2. The shrink-fit device according to claim 1, wherein the measuring channel extends through the induction coil arrangement transversely to the coil axis.

3. The shrink-fit device according to claim 2, wherein the measuring channel is arranged radially with respect to the coil axis.

4. The shrink-fit device according to claim 1, wherein the measuring channel is arranged in an axial central region of the induction coil arrangement.

5. The shrink-fit device according to claim 4, wherein the measuring channel is arranged centrally between the ends of the induction coil arrangement.

6. The shrink-fit device according to claim 1, wherein the induction coil arrangement has a coil winding which is wound and the measuring channel is open.

7. The shrink-fit device according to claim 1, wherein the measuring channel comprises an opening through a housing of the induction coil arrangement.
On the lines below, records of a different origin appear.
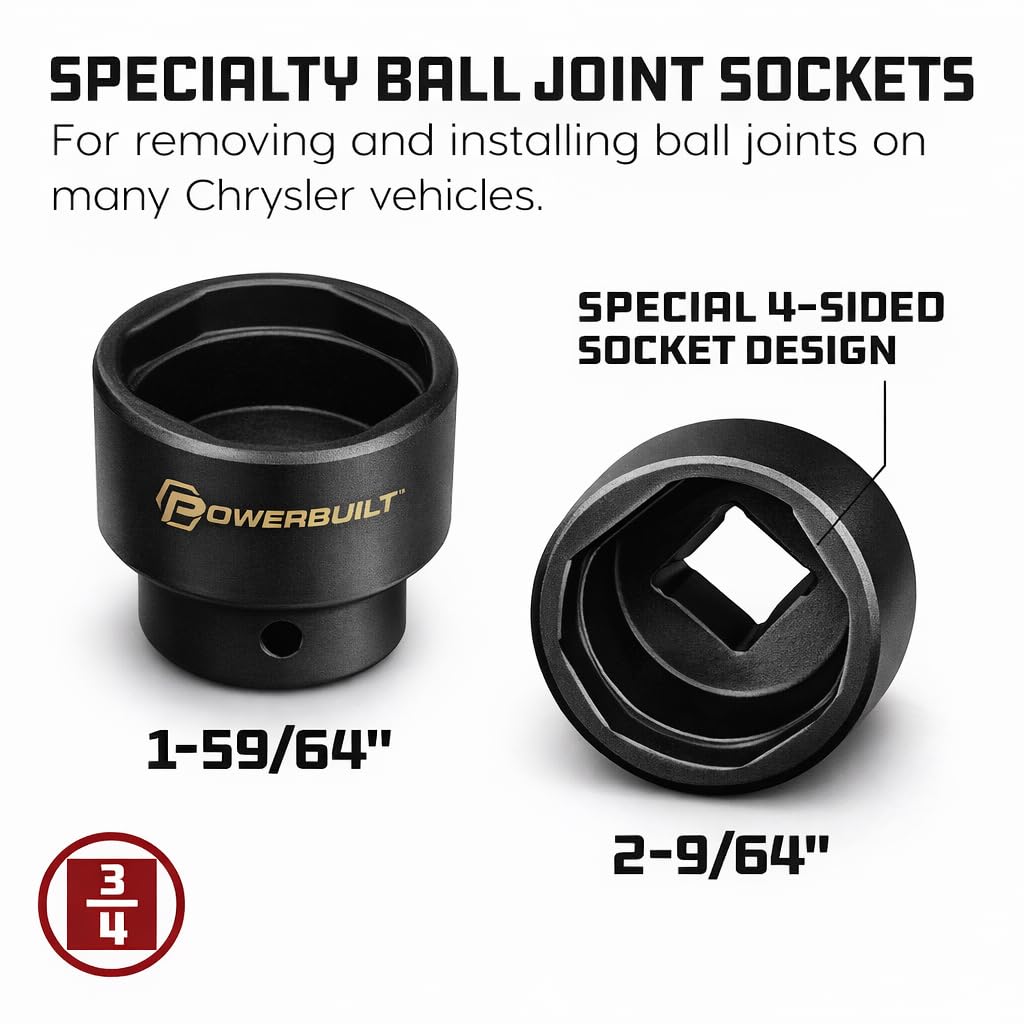 2 Piece Ball Joint Socket Set, 3/4" Drive with Storage Case Y4986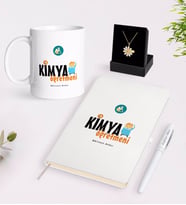 BK Gift Kişiye Özel Kimya Öğretmeni Beyaz Kupa Defter Kalem ve İsimli Papatya Kolye Hediye Seti-1 (Model 1)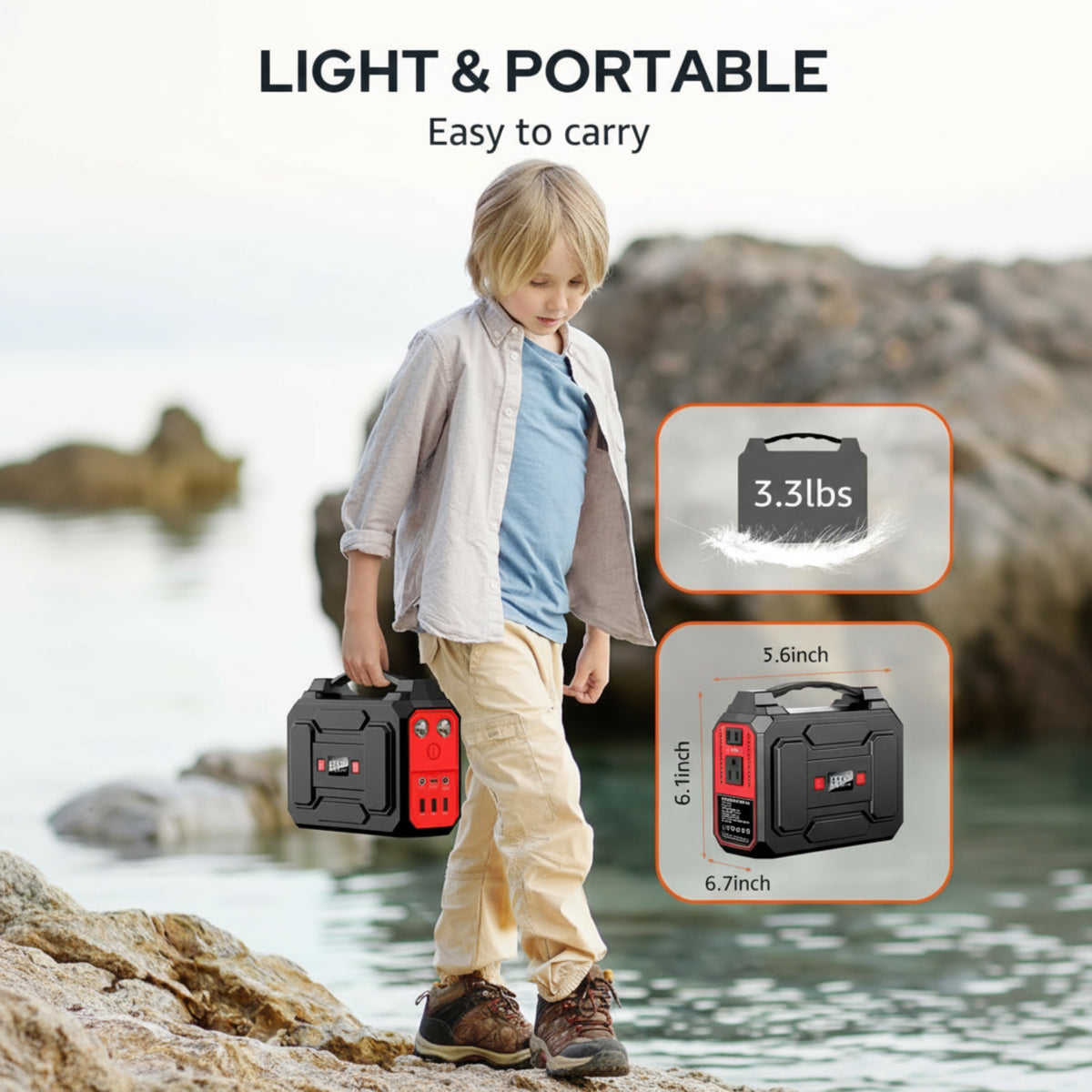 Solar Powered Generator, 100W Portable Power Station with Solar Panels 40W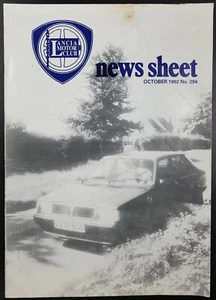 Lancia News Sheet Club Magazines, Issue 294, October 1992, Lancia Motor Club - Picture 1 of 6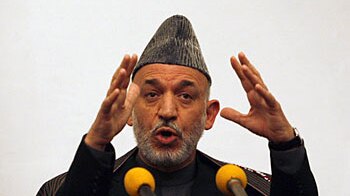 Afghan President Hamid Karzai speaks at a news conference in Kabul December 10, 2007.
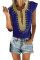 Blue Short Sleeve Printed Neck Shift Blouse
8. The shrink-fit device according to claim 1, wherein the temperature sensor is arranged at least partly in the measuring channel.

9. The shrink-fit device according to claim 1, wherein the temperature sensor is configured for contactless detection of the casing temperature.
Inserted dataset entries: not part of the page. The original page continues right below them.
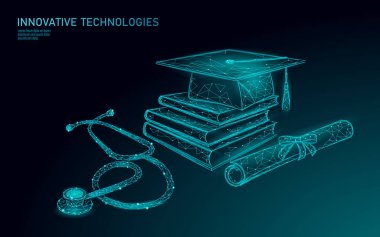 E-öğrenme mesafe tıbbı lisansüstü sertifika programı kavramı. Düşük Poly 3D render mezuniyet kapağı diploma ve stetoskop afiş şablonu. Internet eğitim kursu derece vektör illüstrasyon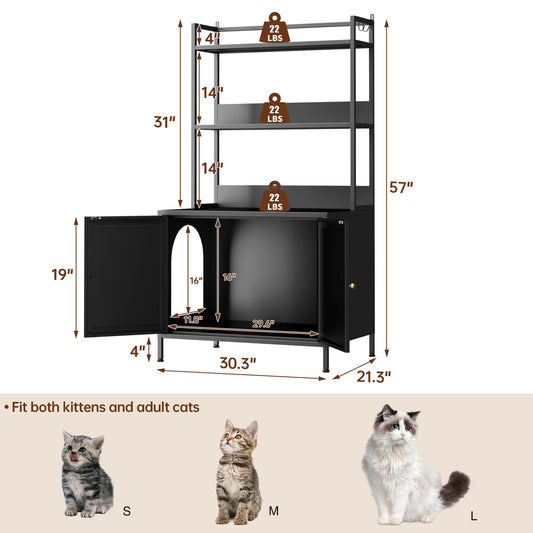 Metal Cat Litter Box Enclosure, 57" Tall Hidden Litter Box Cabinet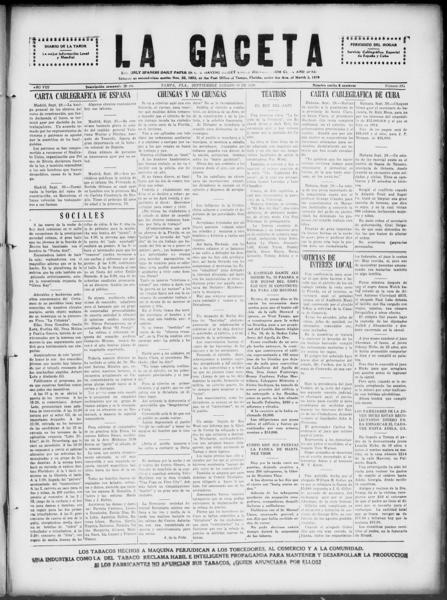 La gaceta (Tampa, Fla.), September 20 — No identificado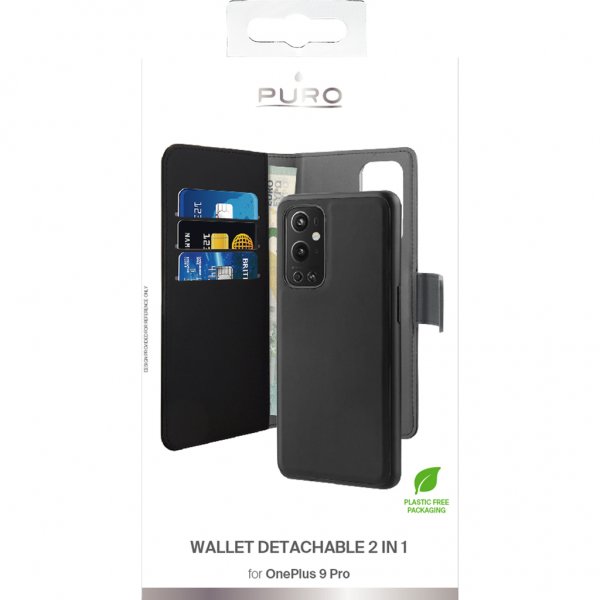 Puro OnePlus 9 Pro Fodral Wallet Detachable 2 in 1 Löstagbart Skal Svart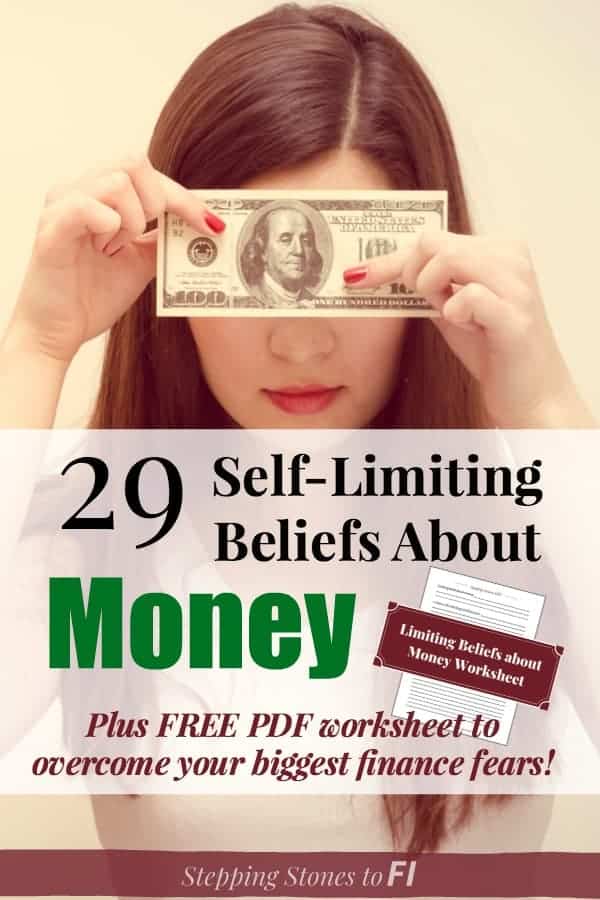 Woman holding $100 bill over her face with text "Self-limiting beliefs about money and how to overcome them"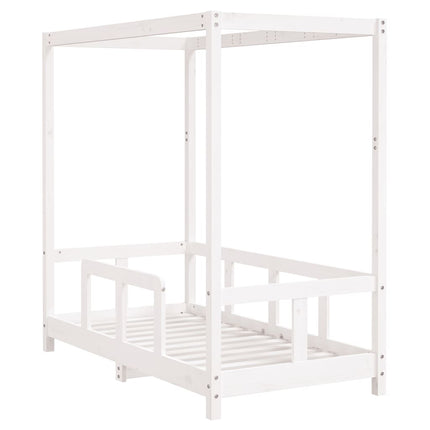 Sängram för barnsäng vit 70x140 cm massiv furu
10. The shrink-fit device according to claim 1, wherein the measuring unit comprises a pyrometer and the temperature sensor is a radiation detector aligned with the accommodating region, the radiation detector configured to detect thermal radiation emitted by a shrink-fit chuck located in the accommodating region.
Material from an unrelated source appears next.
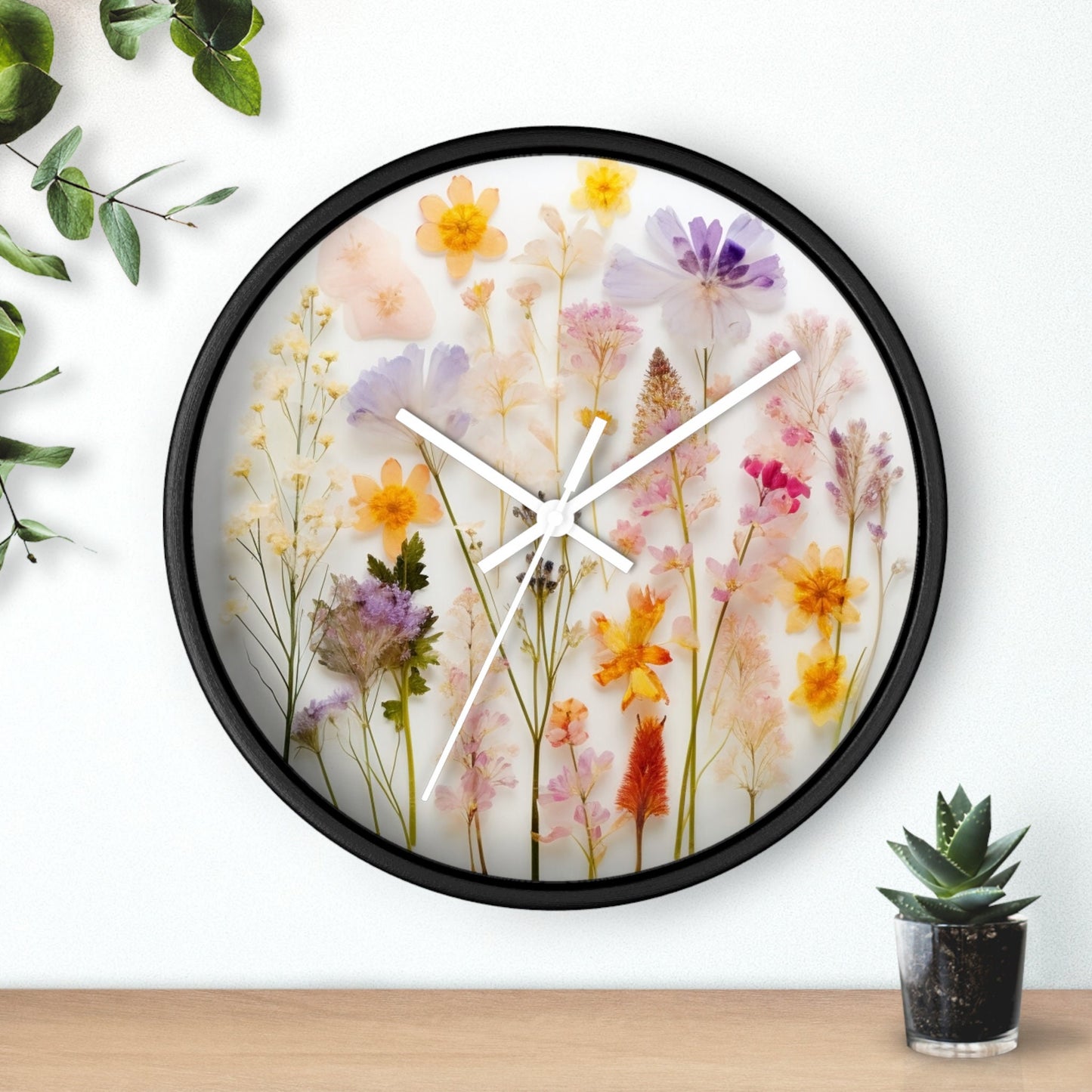 Flower Wall Clock with Floral Print, Elegant Home Decor Timepiece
11. The shrink-fit device according to claim 1, further comprising a thermal radiation-permeable protective window placed in the measuring channel to protect the temperature sensor from contamination.

12. The shrink-fit device according to claim 1, further comprising a controller for controlling the heating of the shrink-fit chuck during heating, the controller configured to influence the power supply to the induction coil arrangement as a function of the casing temperature.

13. A method for inductively heating a shrink-fit chuck in a shrink-fit device, the method comprising:

placing a shrink-fit chuck into an accommodating region of the shrink-fit device;

heating an induction coil arrangement that concentrically surrounds the accommodating region and thereby inductively heating the shrink-fit chuck, whereby the shrink-fit chuck thermally expands; and

controlling the temperature of the shrink-fit chuck using a measuring unit in which a casing temperature of the shrink-fit chuck is detected via a measuring channel passing through the induction coil arrangement.

14. The method of claim 13, wherein power provided to the induction coil arrangement is varied depending on casing temperature.

15. The method according to claim 13, wherein the casing temperature is brought to a predetermined target value by controlling a power supply to the induction coil arrangement.

16. The method according to claim 15, further comprising maintaining the temperature at the predetermined target value.

17. The method according to claim 13, wherein a power supply to the induction coil arrangement is maintained or reduced or switched off when a predetermined target value of the casing temperature is reached.

18. The method according to claim 13, wherein the shrink-fit chuck is positioned relative to the temperature sensor by a stop.

19. The method of claim 18, wherein the stop comprises a pole disk of the induction coil arrangement.

20. The method according to claim 13, wherein the measured casing temperature is displayed for an operator via a display.

21. The method according to any of claim 13, wherein the casing temperature is displayed with light-emitting diodes.

22. The method according to claim 21, wherein the light emitting diodes ac colored in the manner of a traffic light.

23. The method according to claim 13, wherein the casing temperature is measured during the inductive heating and/or in a time interval thereafter.